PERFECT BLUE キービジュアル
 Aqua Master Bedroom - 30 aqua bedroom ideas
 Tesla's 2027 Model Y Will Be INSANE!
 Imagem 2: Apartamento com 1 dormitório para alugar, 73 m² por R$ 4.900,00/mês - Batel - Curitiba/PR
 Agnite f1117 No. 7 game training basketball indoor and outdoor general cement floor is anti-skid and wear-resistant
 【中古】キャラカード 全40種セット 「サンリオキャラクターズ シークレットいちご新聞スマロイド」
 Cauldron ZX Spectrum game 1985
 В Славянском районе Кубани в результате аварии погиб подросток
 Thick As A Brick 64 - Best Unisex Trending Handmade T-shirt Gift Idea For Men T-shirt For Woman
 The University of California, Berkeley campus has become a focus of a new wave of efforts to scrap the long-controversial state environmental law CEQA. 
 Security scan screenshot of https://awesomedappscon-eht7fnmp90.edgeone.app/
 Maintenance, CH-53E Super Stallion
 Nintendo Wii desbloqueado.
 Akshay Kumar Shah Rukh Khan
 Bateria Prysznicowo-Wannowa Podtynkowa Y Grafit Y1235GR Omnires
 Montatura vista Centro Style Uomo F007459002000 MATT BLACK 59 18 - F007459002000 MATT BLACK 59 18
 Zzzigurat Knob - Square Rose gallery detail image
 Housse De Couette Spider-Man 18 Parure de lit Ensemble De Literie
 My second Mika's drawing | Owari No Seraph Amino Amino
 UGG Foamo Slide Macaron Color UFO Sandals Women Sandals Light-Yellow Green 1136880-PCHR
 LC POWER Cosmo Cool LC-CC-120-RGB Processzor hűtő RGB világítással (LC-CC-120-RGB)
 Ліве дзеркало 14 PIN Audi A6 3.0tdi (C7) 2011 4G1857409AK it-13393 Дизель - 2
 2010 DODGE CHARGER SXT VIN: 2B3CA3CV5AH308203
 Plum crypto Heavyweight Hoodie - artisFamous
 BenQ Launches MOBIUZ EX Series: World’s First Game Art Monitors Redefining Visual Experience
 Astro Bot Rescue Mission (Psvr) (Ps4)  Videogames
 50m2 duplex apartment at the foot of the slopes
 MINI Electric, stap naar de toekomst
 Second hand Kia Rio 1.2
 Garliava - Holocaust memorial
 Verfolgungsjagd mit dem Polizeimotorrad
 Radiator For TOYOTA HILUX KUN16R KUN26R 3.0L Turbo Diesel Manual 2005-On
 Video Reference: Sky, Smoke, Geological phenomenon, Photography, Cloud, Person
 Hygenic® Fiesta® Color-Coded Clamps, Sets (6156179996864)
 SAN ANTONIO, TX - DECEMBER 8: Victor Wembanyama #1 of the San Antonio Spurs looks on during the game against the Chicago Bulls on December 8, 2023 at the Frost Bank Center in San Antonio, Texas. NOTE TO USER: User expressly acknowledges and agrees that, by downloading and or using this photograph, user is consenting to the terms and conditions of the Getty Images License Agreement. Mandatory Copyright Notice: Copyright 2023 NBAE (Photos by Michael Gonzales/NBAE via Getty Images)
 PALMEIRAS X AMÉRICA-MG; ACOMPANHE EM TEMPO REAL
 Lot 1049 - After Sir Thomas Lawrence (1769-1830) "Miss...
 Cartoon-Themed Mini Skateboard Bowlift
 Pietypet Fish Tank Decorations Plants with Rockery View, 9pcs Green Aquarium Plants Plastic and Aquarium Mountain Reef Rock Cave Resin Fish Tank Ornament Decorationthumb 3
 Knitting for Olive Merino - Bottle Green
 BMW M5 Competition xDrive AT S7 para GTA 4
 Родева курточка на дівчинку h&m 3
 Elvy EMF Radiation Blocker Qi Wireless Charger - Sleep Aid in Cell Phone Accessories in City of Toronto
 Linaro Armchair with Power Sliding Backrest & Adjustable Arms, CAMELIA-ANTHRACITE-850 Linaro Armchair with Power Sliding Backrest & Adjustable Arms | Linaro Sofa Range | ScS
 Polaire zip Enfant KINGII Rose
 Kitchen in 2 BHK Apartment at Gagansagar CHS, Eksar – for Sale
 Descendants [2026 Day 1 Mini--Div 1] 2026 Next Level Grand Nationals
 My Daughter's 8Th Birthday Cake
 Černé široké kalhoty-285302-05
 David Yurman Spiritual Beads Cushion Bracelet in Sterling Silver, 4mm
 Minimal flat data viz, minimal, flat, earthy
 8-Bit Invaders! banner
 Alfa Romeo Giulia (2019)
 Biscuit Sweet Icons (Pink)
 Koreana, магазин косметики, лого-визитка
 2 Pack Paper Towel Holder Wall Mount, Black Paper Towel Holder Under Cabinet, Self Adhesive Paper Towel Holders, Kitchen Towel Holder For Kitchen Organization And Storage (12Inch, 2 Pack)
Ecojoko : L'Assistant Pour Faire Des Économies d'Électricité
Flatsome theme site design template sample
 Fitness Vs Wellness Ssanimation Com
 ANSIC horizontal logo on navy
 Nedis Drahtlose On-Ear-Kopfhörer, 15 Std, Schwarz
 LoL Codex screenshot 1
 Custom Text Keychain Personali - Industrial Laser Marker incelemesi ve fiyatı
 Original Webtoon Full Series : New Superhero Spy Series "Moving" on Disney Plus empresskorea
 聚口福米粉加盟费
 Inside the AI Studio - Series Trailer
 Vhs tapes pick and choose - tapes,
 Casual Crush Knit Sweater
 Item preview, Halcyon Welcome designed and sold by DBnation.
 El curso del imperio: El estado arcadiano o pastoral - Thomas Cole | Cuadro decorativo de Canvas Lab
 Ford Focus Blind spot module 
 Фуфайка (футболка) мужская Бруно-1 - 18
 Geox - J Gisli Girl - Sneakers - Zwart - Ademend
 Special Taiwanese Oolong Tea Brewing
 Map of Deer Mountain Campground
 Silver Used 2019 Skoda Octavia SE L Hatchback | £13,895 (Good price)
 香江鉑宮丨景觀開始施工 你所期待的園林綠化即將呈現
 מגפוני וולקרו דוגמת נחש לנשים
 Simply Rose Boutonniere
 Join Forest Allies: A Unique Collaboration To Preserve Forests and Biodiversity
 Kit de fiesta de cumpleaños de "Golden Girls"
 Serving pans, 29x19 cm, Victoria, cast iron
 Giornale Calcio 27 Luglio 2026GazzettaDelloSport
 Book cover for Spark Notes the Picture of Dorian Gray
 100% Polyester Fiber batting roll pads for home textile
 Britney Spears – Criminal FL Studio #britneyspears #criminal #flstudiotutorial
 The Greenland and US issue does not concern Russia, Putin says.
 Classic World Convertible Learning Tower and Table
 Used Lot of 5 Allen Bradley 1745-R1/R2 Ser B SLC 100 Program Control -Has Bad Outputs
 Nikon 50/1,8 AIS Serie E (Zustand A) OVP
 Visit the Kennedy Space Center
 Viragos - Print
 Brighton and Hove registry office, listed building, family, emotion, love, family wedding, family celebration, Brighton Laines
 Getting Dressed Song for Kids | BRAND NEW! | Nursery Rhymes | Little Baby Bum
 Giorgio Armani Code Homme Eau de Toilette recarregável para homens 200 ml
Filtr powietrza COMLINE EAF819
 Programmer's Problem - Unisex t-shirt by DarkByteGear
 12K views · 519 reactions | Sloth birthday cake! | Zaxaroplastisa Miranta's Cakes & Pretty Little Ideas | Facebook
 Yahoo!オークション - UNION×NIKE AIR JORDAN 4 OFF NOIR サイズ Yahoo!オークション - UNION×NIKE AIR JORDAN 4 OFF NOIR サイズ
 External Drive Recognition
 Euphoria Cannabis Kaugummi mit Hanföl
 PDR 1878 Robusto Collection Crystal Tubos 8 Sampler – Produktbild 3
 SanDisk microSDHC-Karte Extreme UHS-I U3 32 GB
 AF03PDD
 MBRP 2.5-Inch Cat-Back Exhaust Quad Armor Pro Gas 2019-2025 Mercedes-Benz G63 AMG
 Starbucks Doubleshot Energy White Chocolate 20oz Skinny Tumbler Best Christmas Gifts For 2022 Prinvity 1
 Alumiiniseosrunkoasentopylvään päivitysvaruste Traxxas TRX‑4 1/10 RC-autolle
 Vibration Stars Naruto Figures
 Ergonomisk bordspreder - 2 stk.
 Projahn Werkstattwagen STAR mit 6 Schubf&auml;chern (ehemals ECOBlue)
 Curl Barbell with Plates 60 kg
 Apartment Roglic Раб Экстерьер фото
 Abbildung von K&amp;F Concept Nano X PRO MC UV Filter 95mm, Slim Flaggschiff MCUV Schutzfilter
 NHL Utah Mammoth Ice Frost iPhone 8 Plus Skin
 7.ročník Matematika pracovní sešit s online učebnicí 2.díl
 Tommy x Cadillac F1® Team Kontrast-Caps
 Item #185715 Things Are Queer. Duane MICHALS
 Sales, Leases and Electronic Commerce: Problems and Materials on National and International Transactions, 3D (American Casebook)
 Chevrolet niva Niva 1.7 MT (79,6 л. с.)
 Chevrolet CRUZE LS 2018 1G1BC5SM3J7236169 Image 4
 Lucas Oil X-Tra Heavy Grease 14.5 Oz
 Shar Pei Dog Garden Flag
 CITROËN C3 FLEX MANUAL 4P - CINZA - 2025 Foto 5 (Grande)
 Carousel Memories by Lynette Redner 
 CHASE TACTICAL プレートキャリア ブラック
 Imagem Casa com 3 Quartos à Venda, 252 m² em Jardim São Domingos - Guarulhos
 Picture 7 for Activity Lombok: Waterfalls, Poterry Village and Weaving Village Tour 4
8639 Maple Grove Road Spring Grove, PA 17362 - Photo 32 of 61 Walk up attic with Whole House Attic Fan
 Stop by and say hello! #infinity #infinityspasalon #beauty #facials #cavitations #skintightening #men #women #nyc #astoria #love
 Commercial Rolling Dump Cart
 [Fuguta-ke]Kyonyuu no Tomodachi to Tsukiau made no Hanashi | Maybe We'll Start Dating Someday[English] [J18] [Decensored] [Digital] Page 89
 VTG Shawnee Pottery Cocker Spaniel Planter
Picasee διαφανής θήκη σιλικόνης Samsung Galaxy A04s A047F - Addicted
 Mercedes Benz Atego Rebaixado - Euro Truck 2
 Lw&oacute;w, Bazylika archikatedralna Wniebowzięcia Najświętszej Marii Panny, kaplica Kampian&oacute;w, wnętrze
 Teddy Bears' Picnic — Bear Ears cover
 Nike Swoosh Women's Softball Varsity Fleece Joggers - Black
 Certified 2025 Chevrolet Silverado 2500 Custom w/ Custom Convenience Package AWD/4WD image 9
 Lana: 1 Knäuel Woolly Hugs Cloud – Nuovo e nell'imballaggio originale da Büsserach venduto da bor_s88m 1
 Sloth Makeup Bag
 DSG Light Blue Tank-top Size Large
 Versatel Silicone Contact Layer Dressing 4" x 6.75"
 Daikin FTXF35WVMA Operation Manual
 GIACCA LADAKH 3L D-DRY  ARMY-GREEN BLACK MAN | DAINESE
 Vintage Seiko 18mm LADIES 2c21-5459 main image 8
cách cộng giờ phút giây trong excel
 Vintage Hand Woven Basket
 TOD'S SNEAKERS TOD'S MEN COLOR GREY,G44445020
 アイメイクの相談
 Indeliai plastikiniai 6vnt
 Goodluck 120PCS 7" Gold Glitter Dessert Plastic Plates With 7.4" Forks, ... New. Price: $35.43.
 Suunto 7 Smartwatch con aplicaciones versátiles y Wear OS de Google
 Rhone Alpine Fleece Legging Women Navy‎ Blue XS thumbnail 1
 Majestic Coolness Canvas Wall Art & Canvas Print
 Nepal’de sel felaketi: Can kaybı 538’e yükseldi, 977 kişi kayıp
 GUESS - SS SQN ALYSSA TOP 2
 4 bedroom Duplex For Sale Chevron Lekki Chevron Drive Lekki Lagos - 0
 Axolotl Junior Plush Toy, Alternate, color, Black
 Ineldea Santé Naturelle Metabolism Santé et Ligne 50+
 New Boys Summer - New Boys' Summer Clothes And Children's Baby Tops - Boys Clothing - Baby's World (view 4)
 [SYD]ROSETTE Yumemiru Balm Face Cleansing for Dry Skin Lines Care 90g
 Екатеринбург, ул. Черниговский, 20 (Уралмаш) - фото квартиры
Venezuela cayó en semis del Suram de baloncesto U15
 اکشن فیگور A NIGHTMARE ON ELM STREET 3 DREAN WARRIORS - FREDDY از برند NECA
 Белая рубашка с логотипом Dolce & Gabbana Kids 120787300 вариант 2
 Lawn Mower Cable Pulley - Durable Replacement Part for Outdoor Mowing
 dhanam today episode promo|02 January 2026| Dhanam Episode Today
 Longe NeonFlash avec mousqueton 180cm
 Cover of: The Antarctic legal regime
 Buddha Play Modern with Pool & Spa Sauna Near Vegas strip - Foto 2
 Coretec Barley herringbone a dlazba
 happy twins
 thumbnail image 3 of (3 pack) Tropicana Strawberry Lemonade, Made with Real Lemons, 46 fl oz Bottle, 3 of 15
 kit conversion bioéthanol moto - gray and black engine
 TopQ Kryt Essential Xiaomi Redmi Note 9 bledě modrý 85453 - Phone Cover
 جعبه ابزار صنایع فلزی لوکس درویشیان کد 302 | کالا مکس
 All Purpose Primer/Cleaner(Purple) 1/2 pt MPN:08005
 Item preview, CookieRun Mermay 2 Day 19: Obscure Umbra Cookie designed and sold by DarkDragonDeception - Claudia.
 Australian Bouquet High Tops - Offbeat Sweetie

— DIRECTIONS FOR THIS TASK —
Copy every line from the entries that contains the word "Series".

— EXERCISE OUTPUT —
 BenQ Launches MOBIUZ EX Series: World’s First Game Art Monitors Redefining Visual Experience
 Original Webtoon Full Series : New Superhero Spy Series "Moving" on Disney Plus empresskorea
 Inside the AI Studio - Series Trailer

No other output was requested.